Das unabhängige Gutachten bestätigte die Defizite und warnte, dass diese dazu führen könnten, dass ein Gericht den Plan vollständig für nichtig erklärt. Infolgedessen hat die Stadtverwaltung ihr bisheriges Vertrauen in die rechtliche Belastbarkeit des Plans zurückgezogen.

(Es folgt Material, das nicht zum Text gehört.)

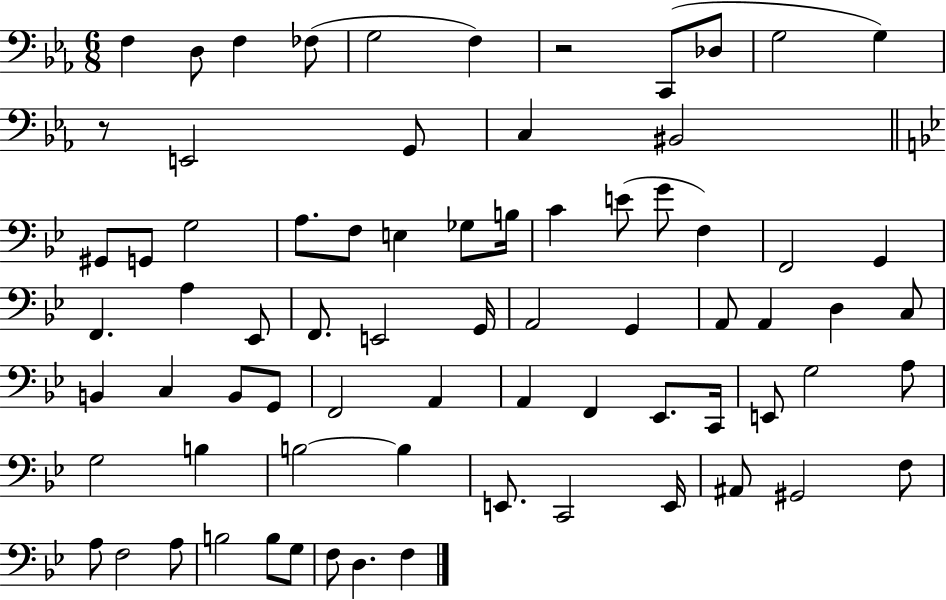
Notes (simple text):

Düsseldorf hat die Bezirksregierung Düsseldorf über die Risiken informiert. Die Behörden warnten, dass ein Weiterverfolgen des Vorhabens auf Basis des aktuellen Plans zu einer gerichtlichen Blockade des Projekts führen könnte. Dennoch deutet das Rechtsgutachten auch einen alternativen Weg an: Eine Genehmigung könnte möglicherweise noch über § 35 Absatz 2 des Baugesetzbuchs (BauGB) erfolgen.
Das Vorhaben der forensischen Einrichtung steht nun auf der Kippe. Während der aktuelle Bebauungsplan mit einer möglichen Ablehnung konfrontiert ist, könnte die Stadt die Genehmigung noch über eine andere rechtliche Grundlage erhalten. Die Verantwortlichen müssen nun entscheiden, ob sie den Plan überarbeiten oder den alternativen Weg über die Bauvorschriften beschreiten.